** Scraped caption text data **
>>>>>

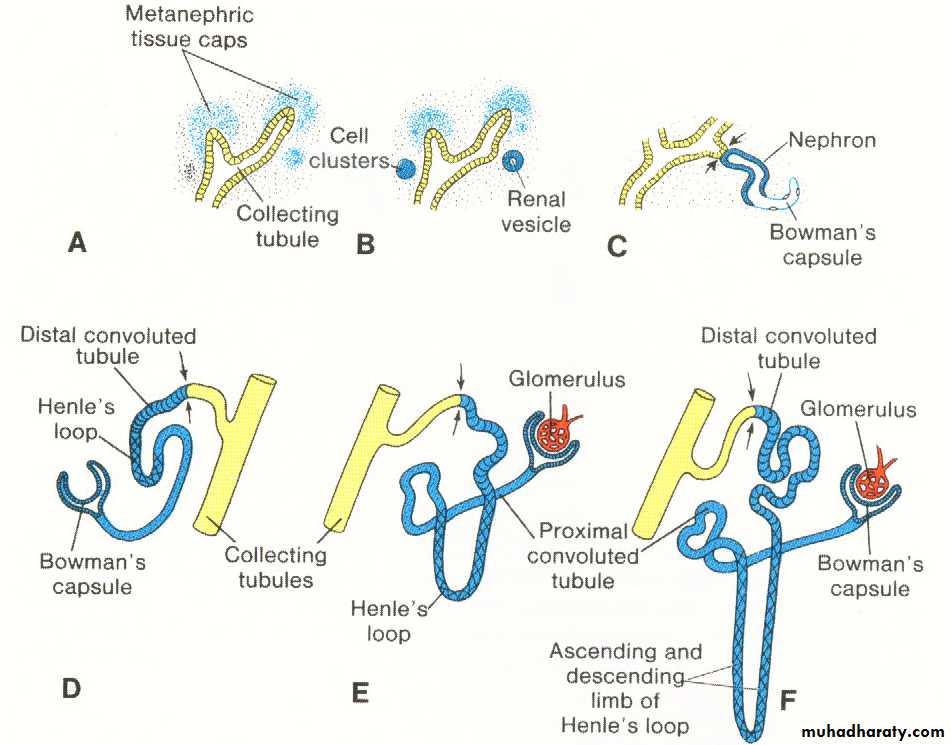 Urogenital system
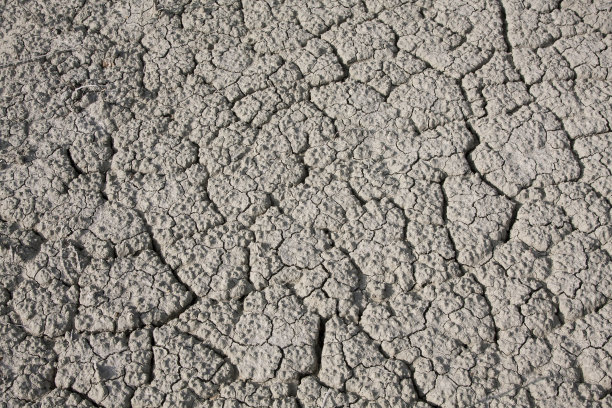 干旱、贫瘠的土壤图片下载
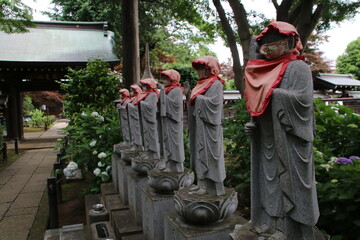 寺の境内に咲く紫陽花。川崎市の妙楽寺の紫陽花。六地蔵とアジサイ。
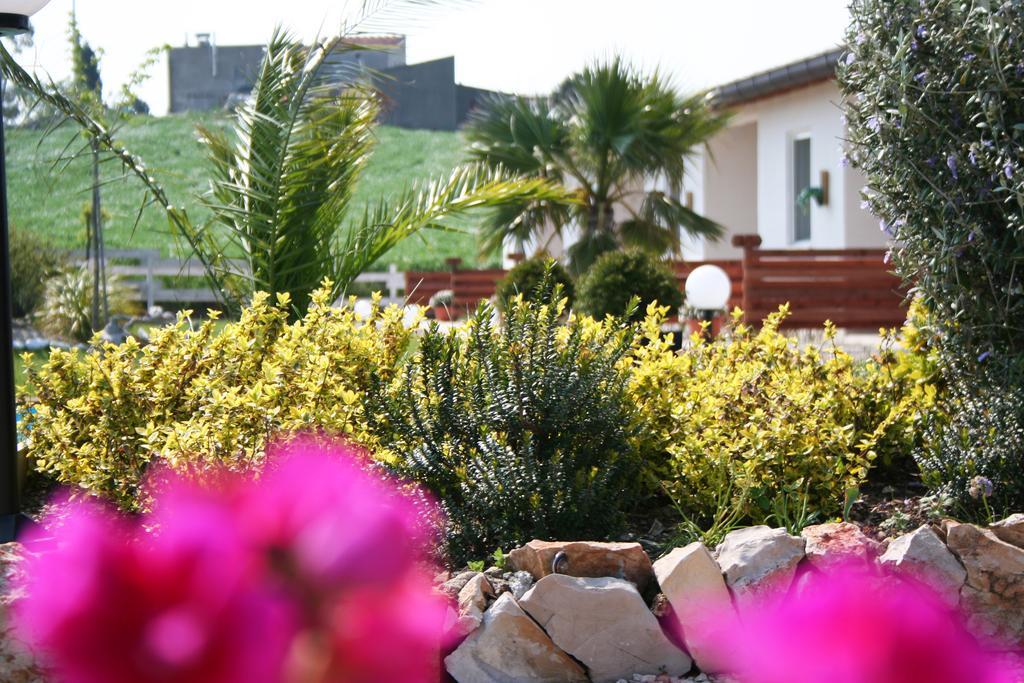 Hotel Oca Giuliva Montenero di Bisaccia Esterno foto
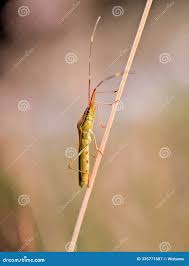 Attēlu rezultāti vaicājumam “Alydus calcaratus imago”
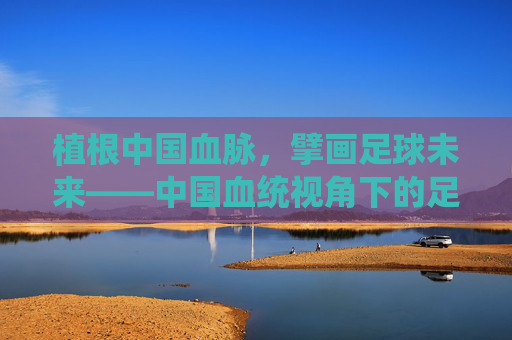 植根中国血脉，擘画足球未来——中国血统视角下的足球发展新路径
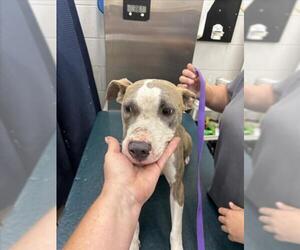 American Pit Bull Terrier-Unknown Mix Dogs for adoption in Mobile, AL, USA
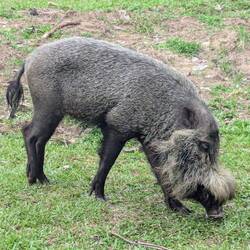 Bearded pig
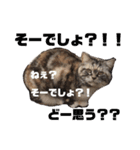 ミケとキキ③（個別スタンプ：6）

<<<<<

** Task statement **
Only the pictures are to be omitted; the records above must otherwise be reproduced exactly.

** Completed task **
 Urogenital system
 干旱、贫瘠的土壤图片下载
 寺の境内に咲く紫陽花。川崎市の妙楽寺の紫陽花。六地蔵とアジサイ。
 Hotel Oca Giuliva Montenero di Bisaccia Esterno foto
 Attēlu rezultāti vaicājumam “Alydus calcaratus imago”
 植根中国血脉，擘画足球未来——中国血统视角下的足球发展新路径
 American Pit Bull Terrier-Unknown Mix Dogs for adoption in Mobile, AL, USA
 Bearded pig
 ミケとキキ③（個別スタンプ：6）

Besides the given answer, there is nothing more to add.